Mr. Humphries won 57 percent of the vote in a run-off of the Democratic primary election last month for the superintendency of the 2,400-student Randolph County school district. He does not have a Republican challenger in the November election.
Mr. Humphries’ inflammatory comments to a student on racial mixing brought national attention to the town of Wedowee two years ago.
The U.S. Department of Justice, which investigated the incident, eventually forced the local school board to remove him from his job as principal of Randolph County High School. He was allowed to remain as a consultant to the district. (See Education Week, Sept. 7, 1994.)
The primary vote came as a shock to some in the county’s black community. “I think a lot is attributable to the fact that the African-American population didn’t turn out as much as they could have and should have,” said school board member Charlotte Clark-Frieson, a vocal opponent of Mr. Humphries and the president of the local NAACP.
Federal Approval Needed
The chancellor of the New York City schools cannot suspend members of local school boards without the approval of the U.S. attorney general, the U.S. Department of Justice has determined.
The decision, which Mr. Crew called “as unusual as it is disappointing,” stems from the department’s review of a state law intended to block suspended board members from swiftly regaining their seats.
The law, passed in March, authorizes the chancellor to control four community school boards for up to one year after the election of members who have been suspended for alleged gross mismanagement or corruption.
The federal Voting Rights Act, however, empowers the Justice Department to review actions that might undermine the voting power of minority groups in areas with a history of discrimination--including New York’s Brooklyn, Bronx, and Manhattan boroughs.
In an interview with The New York Times, Mr. Crew said he feared that the new requirement of federal approval would delay and hamper his ability to remove corruption and incompetence from the community boards.
Mr.
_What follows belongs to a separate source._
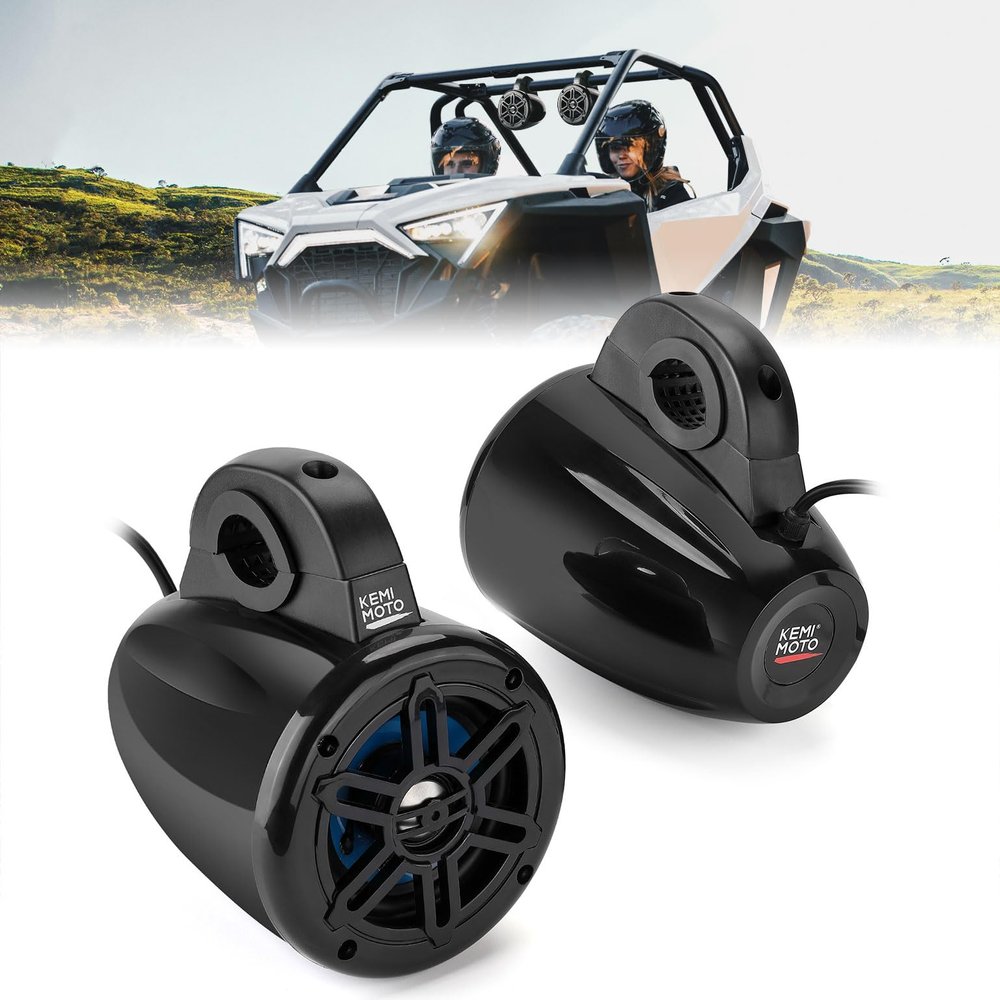 KEMIMOTO ATV UTV Speaker 4 Inch Marine-Grade Tower Speaker, Fit 1.65-2in Roll Bar Sound Stereo System with AMP Compatible with Can-Am, Polaris RZR, Ranger, Kawasaki Artic Cat, Marine, Golf Cart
Crew could appeal the department’s decision.
Rethinking History
The school board of the Hudson, Ohio, district will reconsider adopting a popular American history textbook at a special meeting this week.
The board failed last month to approve The American People: Creating a Nation and a Society after Robert Lattimer, the head of the local chapter of Citizens for Excellence in Education, a conservative parents’ group, complained to the board the book presented a “pessimistic view” of American history and that it also contained an “an overabundant supply of material on women, African-Americans, [and] Native Americans,” among other criticisms.
In print for 12 years, the textbook has appeared in three editions and is used by many high school honors classes, according to Addison Wesley Longman Publishers in New York City.
Two of the five board members in the 5,400-student district voted in favor of the text, one voted against, and two abstained.
State law requires the approval of a majority of school board members for a text to be adopted.
New Catholic School
The Archdiocese of Detroit has announced plans to build its first new Roman Catholic school in three decades.
To be located in the fast-growing suburb of Canton, Mich., the new school will serve about 220 students in grades K-4 in the 1997-98 school year. By its fourth year, school expects to have about 1,000 K-8 students.
The Detroit area has 174 Catholic schools, the most recent of which was built more than 30 years ago.
Archdiocese officials believe the new school signals a resurgence of interest in Catholic schooling.